Problem details:
This exercise calls for every record to be returned exactly, with pictures removed.

══════════

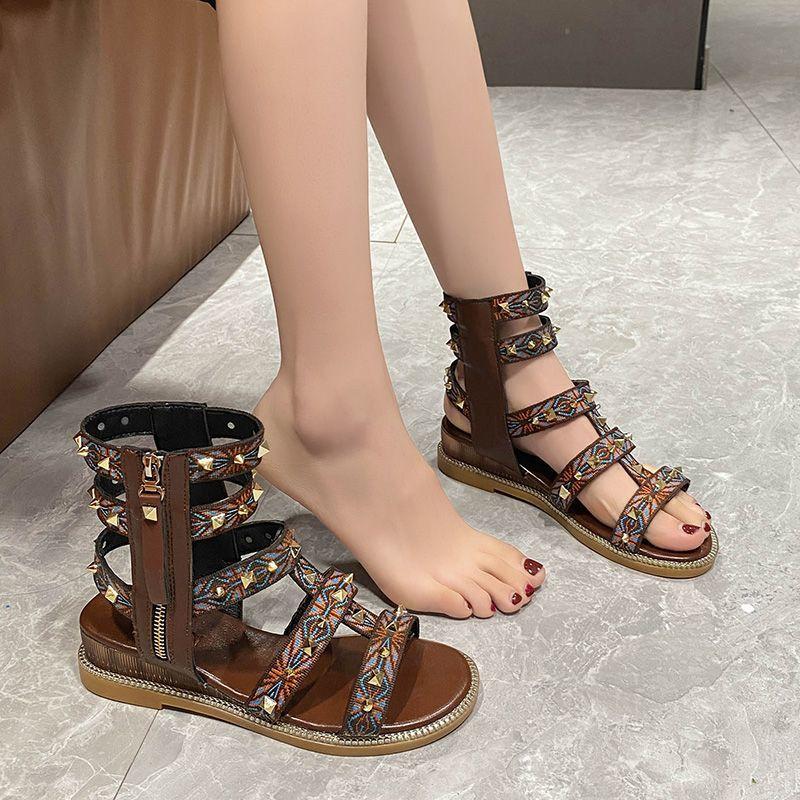 Модная летняя обувь для женщин 2024 года, новые римские сандалии с открытым носком и заклепками на плоской подошве, женские сандалии на открытом воздухе с тотемом и молнией, повседневные женские сандалии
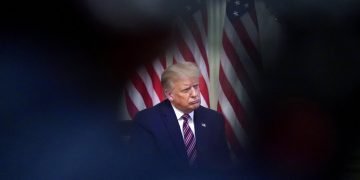 El presidente Donald Trump escucha durante un evento en la Casa Blanca, en esta fotografía del miércoles 12 de agosto de 2020, en Washington. Foto: AP/Andrew Harnik.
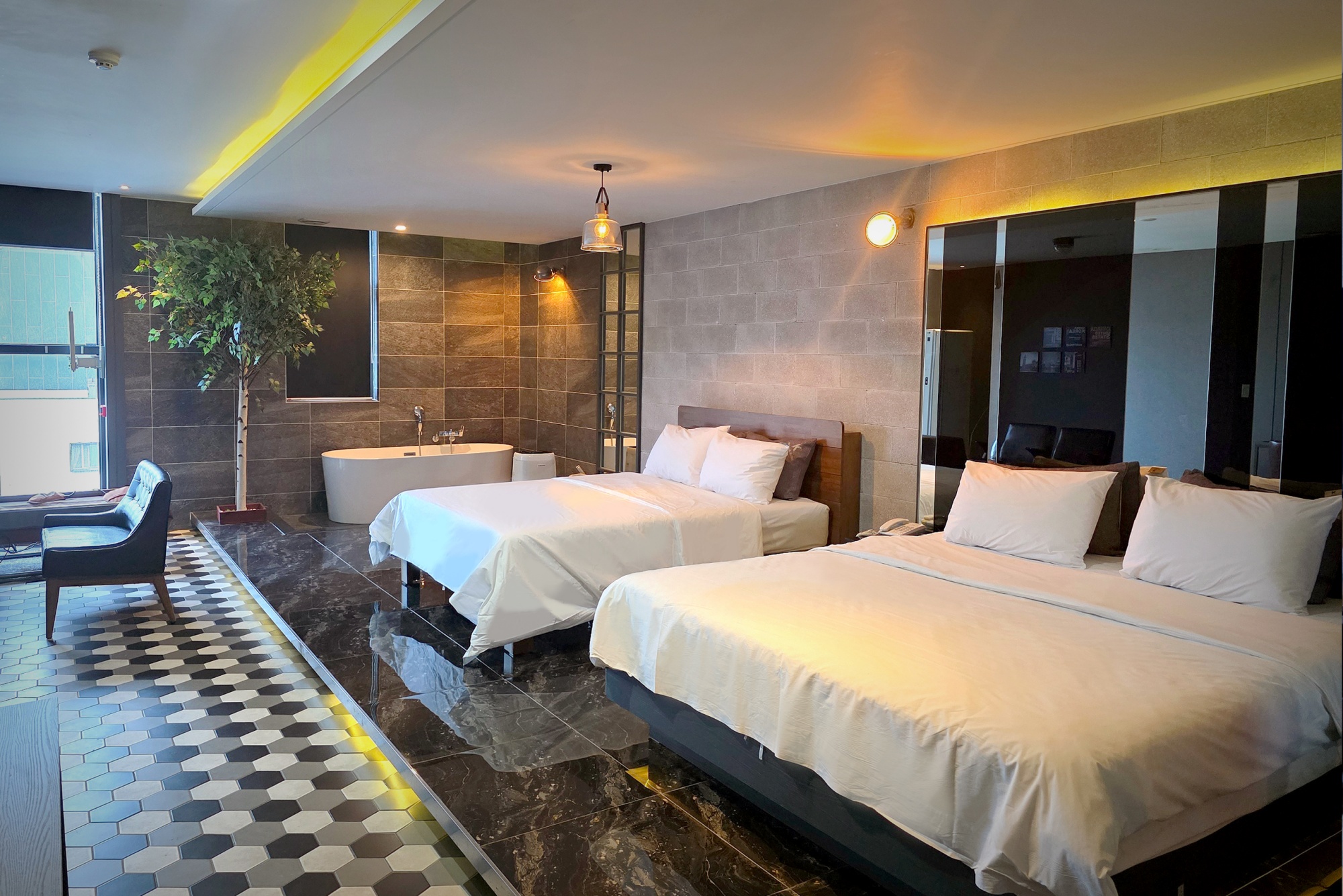 room detail thumbnail 2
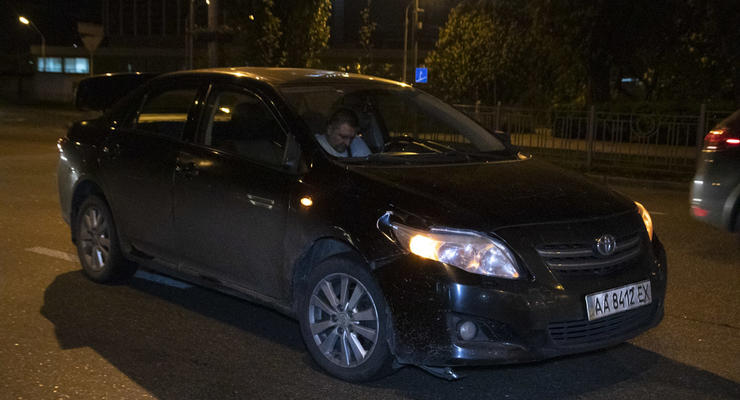 В столице водитель Toyota сбил бродягу в гипсе – фото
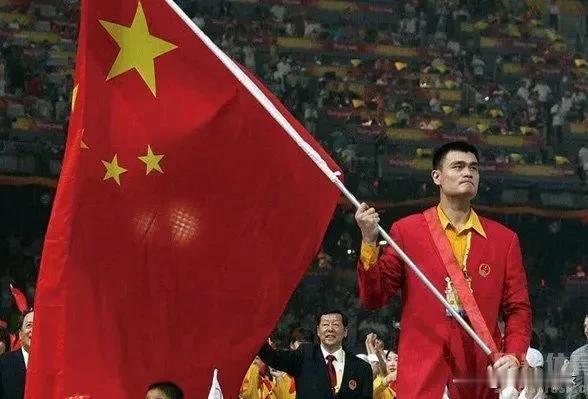 北京时间7月24日晚，中国体育代表团公布了参加巴黎奥运会的旗手人选：35岁的男子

══════════

Exercise output:
 Модная летняя обувь для женщин 2024 года, новые римские сандалии с открытым носком и заклепками на плоской подошве, женские сандалии на открытом воздухе с тотемом и молнией, повседневные женские сандалии
 El presidente Donald Trump escucha durante un evento en la Casa Blanca, en esta fotografía del miércoles 12 de agosto de 2020, en Washington. Foto: AP/Andrew Harnik.
 room detail thumbnail 2
 В столице водитель Toyota сбил бродягу в гипсе – фото
 北京时间7月24日晚，中国体育代表团公布了参加巴黎奥运会的旗手人选：35岁的男子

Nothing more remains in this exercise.